Déjà, avec cette visite, certains pensaient en avoir fini avec ce film qui à leurs yeux n’avait que trop duré. Hélas, on était encore très loin de l’épilogue. Selon certains responsables du PDS, Macky Sall en est le seul responsable car il avait promis à Wade de lui rendre visite, mais il n’a jamais tenu parole. C’était le dernier acte majeur jusqu’à l’inauguration du stade Maitre Abdoulaye Wade.
Auparavant, il y a eu le dialogue national de 2016 qui avait abouti à la libération controversée de Karim Wade. A l’époque, l’actuel président du Conseil économique social et environnemental n’avait pas hésité à parler de ‘’deal international’’, sous la dictée de forces étrangères. ‘’Karim Wade, affirmait Idrissa Seck, n’a pas été libéré, il a été livré à ce donneur d’ordre international. Sinon comment comprendre qu’un citoyen sénégalais gracié soit remis à des forces étrangères nuitamment, en catimini, à bord d’un jet privé ? S’il était libre, il commencerait par aller embrasser ses trois filles orphelines d’une mère qui ne l’ont pas vu depuis quatre ans, aller saluer son père et sa mère, présenter ses respects à son guide religieux, le Khalife général des Mourides, et remercier les nombreux sénégalais Karimistes qui l’ont soutenu’’.
Pour Idrissa Seck, il ne faisait l’ombre d’aucun doute. Macky Sall obéit à des donneurs d’ordre internationaux dans le dossier Karim Wade et avait fini de transformer le Sénégal en une République bananière, vassale de forces étrangères. Dans la foulée de cette libération, beaucoup espéraient un retour prochain du fils de Wade, mais ce vœu ne s’est jamais réalisé. Pour sa part, le PDS a toujours invoqué un ‘’exil’’ pour justifier l’absence de son candidat. Là également, tout semble dépendre du président de la République.
Traque des biens mal acquis
Au cœur de ces relations tumultueuses, il y a le dossier de la traque des biens mal acquis qui avait mené à la privation du fils de Wade de ses droits civiques et politiques. A la suite de la chute du régime de son père, Karim Wade a été accusé d’enrichissement illicite. Alors qu’il était à l’étranger, il est rentré pour répondre à la convocation de la justice sénégalaise. En Avril, il est inculpé et placé sous mandat de dépôt, avant d’être jugé et condamné pour six ans en mars 2015. Il a finalement bénéficié d’une grâce présidentielle en 2016, après avoir purgé 3 années en prison.
Au-delà de ce dossier Karim, les Wade ont également été traqués jusque dans leurs derniers retranchements par l’actuel régime qui les a accusés, notamment de vol de tableaux au Palais, de voitures, entre autres.
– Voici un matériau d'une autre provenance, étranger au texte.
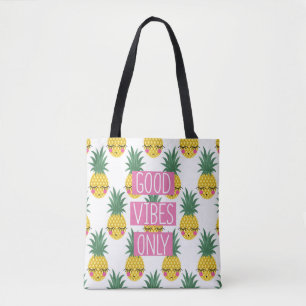 Tote Bag Good Vibes Pineapples Motif d'été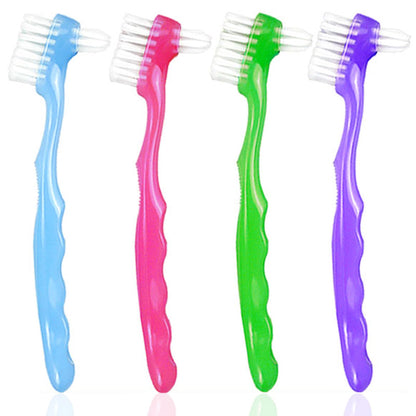 4 Pieces Denture Brush Set - Small Denture Brushes with Ergonomic Rubber Handles
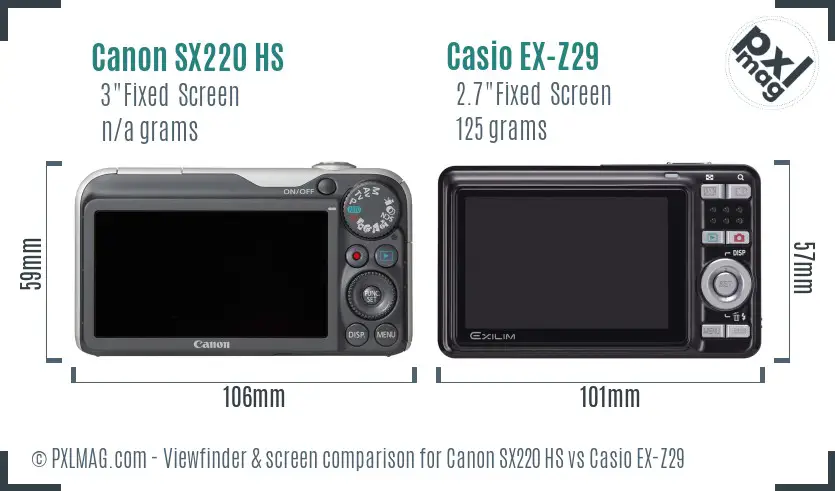 Canon SX220 HS vs Casio EX-Z29 Screen and Viewfinder comparison Canon SX220 HS vs Casio EX-Z29 Screen and Viewfinder comparison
Par ailleurs, si toutes les initiatives se sont jusque-là soldées par des échecs, il convient de souligner que le contexte a nettement changé par rapport aux années précédentes. En sus d’un Président qui en est à son dernier mandat, la percée de l’opposition lors des dernières élections, l’élan de solidarité nationale qui règne depuis la victoire des lions à la CAN 2022 pourraient militer en faveur d’une remise dans le jeu électoral de Karim Wade tout comme de Khalifa Ababacar Sall.